What needs to be done ->
Which lines of the records below contain the word "White"? Show each one.

Information given ->
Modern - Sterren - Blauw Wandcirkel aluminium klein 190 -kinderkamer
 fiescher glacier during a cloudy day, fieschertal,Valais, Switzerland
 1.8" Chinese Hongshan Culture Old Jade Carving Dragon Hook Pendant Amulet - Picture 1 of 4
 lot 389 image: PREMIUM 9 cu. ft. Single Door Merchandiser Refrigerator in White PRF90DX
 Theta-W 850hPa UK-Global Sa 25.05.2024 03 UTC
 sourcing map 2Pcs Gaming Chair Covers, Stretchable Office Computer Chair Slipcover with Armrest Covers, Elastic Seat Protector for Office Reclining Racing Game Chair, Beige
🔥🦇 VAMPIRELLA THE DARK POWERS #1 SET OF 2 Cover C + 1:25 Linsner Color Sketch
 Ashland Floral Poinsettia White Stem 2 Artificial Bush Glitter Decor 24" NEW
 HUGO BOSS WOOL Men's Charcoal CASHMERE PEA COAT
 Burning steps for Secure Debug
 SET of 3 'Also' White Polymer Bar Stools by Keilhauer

The answer ->
 lot 389 image: PREMIUM 9 cu. ft. Single Door Merchandiser Refrigerator in White PRF90DX
 Ashland Floral Poinsettia White Stem 2 Artificial Bush Glitter Decor 24" NEW
 SET of 3 'Also' White Polymer Bar Stools by Keilhauer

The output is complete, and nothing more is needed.